- [YOUR TASK]: Could you write out the listing below exactly as it stands, leaving out the pictures?

- [SOURCE DATA]:
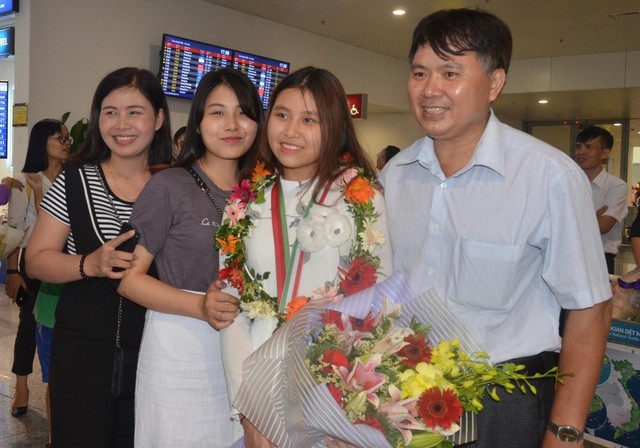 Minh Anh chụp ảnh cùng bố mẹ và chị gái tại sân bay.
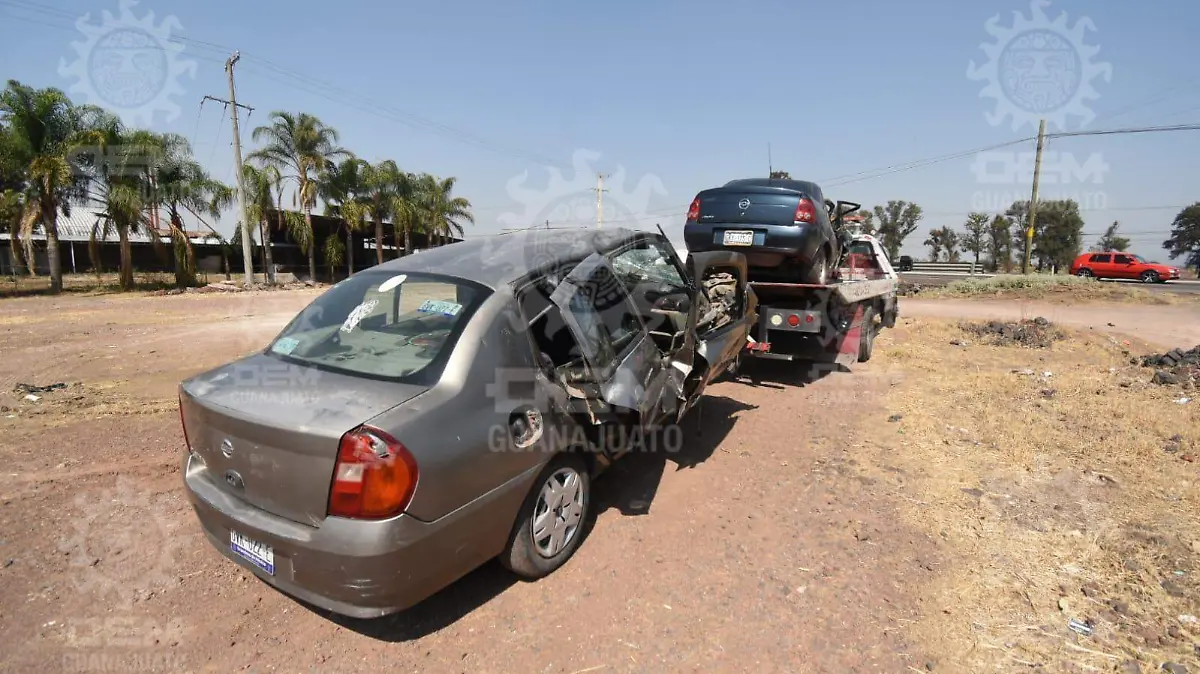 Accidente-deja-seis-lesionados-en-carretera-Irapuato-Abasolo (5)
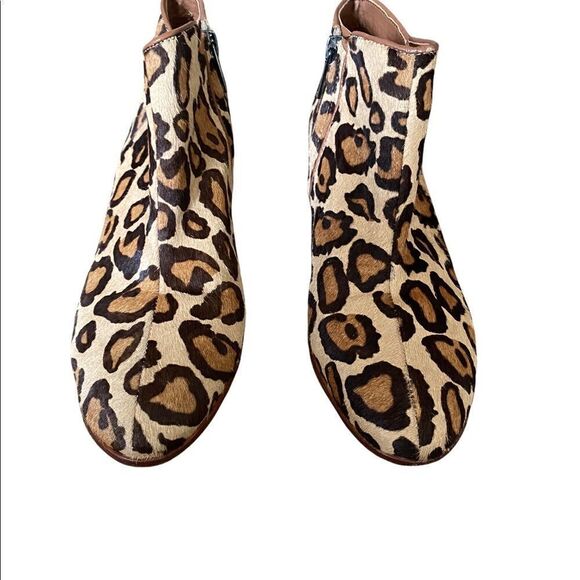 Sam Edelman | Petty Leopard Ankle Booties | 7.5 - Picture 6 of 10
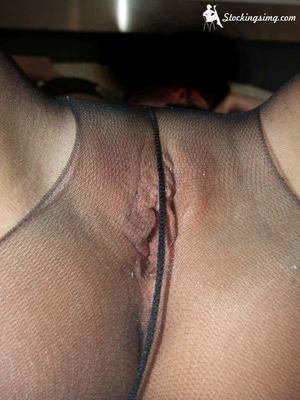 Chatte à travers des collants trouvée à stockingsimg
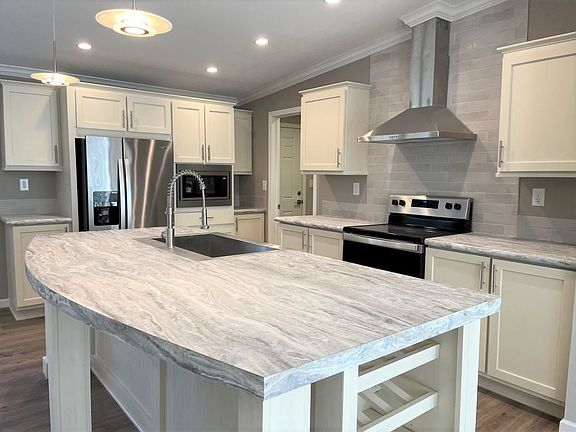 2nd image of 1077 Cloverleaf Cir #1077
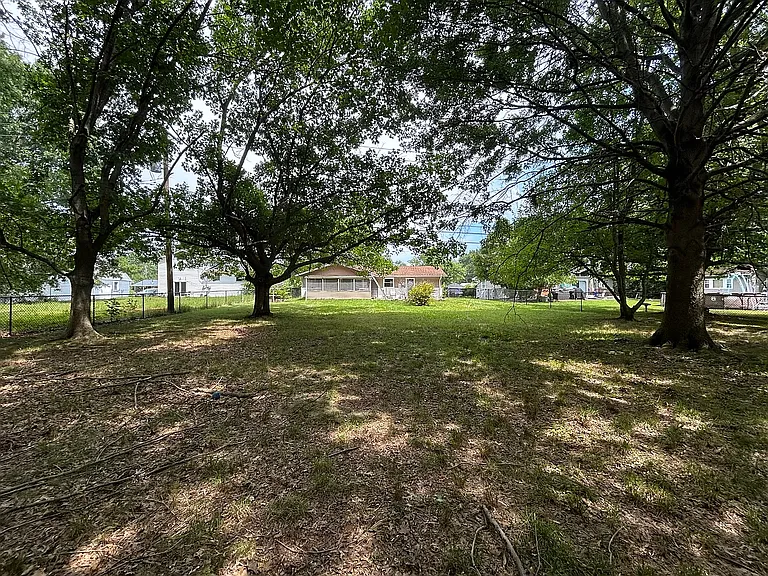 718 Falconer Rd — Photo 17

- [SOLUTION]:
 Minh Anh chụp ảnh cùng bố mẹ và chị gái tại sân bay.
 Accidente-deja-seis-lesionados-en-carretera-Irapuato-Abasolo (5)
 Sam Edelman | Petty Leopard Ankle Booties | 7.5 - Picture 6 of 10
 Chatte à travers des collants trouvée à stockingsimg
 2nd image of 1077 Cloverleaf Cir #1077
 718 Falconer Rd — Photo 17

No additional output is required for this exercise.